[[ Raw data open ]]

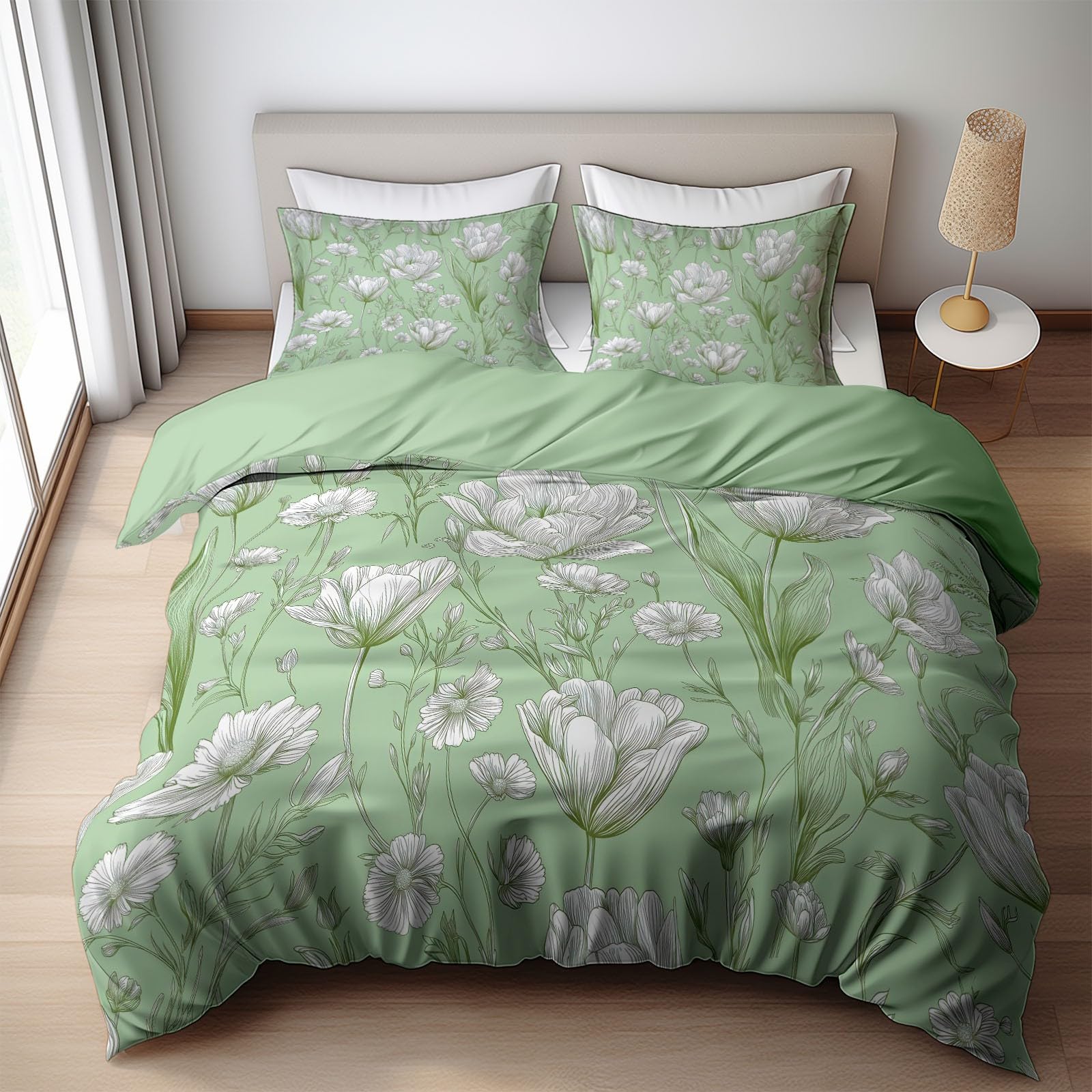 Set copripiumino super king size, in policotone, elegante e delicato, ultra morbido, ipoallergenico, con chiusura a cerniera, verde pallido, 260 x 220 cm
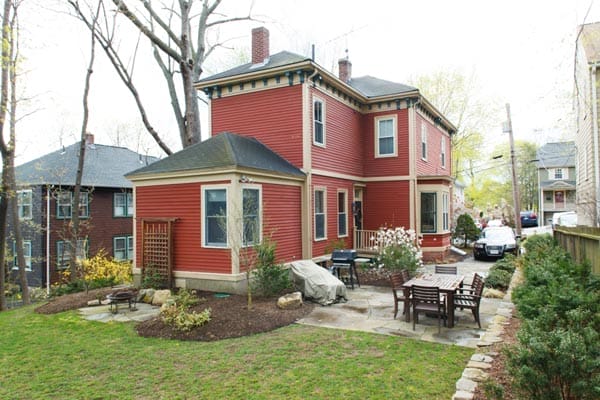 Backyard view of the house.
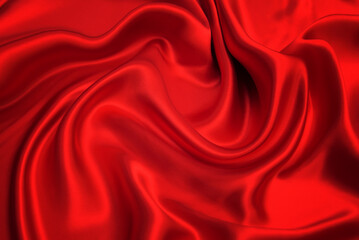 Wall Mural - Red silk or satin luxury fabric texture can use as abstract background. Top view.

[[ Raw data closed ]]

Leave out the pictures and copy the rest of the material above exactly.

 Set copripiumino super king size, in policotone, elegante e delicato, ultra morbido, ipoallergenico, con chiusura a cerniera, verde pallido, 260 x 220 cm
 Backyard view of the house.
 Wall Mural - Red silk or satin luxury fabric texture can use as abstract background. Top view.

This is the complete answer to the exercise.